Stored data entries:
____

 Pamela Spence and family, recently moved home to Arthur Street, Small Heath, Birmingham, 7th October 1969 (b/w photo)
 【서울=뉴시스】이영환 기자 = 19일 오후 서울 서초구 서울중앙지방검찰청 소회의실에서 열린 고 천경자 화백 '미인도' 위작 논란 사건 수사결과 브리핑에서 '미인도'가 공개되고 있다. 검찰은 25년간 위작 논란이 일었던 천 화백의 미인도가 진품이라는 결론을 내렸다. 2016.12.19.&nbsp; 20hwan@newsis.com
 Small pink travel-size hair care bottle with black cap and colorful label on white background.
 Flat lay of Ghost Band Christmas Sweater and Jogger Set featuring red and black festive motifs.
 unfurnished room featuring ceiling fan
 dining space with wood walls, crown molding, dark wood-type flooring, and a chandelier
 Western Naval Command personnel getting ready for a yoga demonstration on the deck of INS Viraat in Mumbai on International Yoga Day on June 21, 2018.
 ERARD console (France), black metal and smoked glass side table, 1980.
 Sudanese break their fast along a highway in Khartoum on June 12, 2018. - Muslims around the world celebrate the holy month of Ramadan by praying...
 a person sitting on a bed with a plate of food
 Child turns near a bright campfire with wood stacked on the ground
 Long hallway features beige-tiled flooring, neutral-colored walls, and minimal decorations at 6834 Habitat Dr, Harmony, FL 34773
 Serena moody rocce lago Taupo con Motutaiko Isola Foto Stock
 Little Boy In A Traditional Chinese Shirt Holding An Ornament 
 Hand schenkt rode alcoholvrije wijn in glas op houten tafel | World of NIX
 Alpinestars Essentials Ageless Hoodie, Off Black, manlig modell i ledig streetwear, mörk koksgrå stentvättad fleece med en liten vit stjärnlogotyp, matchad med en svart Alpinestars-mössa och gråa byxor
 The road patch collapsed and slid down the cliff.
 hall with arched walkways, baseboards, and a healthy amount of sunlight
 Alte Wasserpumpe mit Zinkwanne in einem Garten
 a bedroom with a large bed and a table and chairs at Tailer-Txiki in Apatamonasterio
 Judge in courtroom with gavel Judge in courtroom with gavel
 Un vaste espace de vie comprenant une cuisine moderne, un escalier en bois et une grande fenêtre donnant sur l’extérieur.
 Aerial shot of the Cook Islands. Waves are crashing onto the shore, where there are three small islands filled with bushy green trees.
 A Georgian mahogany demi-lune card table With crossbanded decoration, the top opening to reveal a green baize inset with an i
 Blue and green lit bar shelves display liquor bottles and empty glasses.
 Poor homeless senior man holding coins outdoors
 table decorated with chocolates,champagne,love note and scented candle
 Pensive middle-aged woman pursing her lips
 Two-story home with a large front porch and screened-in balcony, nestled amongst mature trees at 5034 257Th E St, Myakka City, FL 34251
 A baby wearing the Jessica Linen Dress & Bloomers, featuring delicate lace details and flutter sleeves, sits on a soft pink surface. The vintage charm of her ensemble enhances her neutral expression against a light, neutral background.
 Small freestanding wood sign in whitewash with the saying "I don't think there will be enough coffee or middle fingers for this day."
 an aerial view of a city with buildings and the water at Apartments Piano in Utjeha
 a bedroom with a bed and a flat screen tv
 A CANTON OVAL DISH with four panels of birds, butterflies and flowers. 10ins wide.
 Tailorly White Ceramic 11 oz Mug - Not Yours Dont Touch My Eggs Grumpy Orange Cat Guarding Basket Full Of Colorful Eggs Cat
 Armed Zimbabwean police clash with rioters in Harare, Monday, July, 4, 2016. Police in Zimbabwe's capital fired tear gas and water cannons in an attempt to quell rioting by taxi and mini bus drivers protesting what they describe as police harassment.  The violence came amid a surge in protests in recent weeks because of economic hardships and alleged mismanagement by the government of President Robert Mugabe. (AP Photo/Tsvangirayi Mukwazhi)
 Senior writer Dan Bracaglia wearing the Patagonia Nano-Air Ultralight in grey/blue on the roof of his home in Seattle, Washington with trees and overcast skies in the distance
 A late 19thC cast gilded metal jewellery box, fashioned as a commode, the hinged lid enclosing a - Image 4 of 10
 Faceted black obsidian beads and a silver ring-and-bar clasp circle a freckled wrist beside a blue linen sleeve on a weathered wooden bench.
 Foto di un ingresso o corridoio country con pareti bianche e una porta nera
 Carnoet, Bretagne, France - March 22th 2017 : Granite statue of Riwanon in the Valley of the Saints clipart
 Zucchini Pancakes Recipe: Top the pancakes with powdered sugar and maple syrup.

____

**Work item**
The lines above starting at the one that contains "hall with arched" and ending at the one that contains "A baby wearing" must be transcribed exactly, and no other lines may appear.

**Your solution**
 hall with arched walkways, baseboards, and a healthy amount of sunlight
 Alte Wasserpumpe mit Zinkwanne in einem Garten
 a bedroom with a large bed and a table and chairs at Tailer-Txiki in Apatamonasterio
 Judge in courtroom with gavel Judge in courtroom with gavel
 Un vaste espace de vie comprenant une cuisine moderne, un escalier en bois et une grande fenêtre donnant sur l’extérieur.
 Aerial shot of the Cook Islands. Waves are crashing onto the shore, where there are three small islands filled with bushy green trees.
 A Georgian mahogany demi-lune card table With crossbanded decoration, the top opening to reveal a green baize inset with an i
 Blue and green lit bar shelves display liquor bottles and empty glasses.
 Poor homeless senior man holding coins outdoors
 table decorated with chocolates,champagne,love note and scented candle
 Pensive middle-aged woman pursing her lips
 Two-story home with a large front porch and screened-in balcony, nestled amongst mature trees at 5034 257Th E St, Myakka City, FL 34251
 A baby wearing the Jessica Linen Dress & Bloomers, featuring delicate lace details and flutter sleeves, sits on a soft pink surface. The vintage charm of her ensemble enhances her neutral expression against a light, neutral background.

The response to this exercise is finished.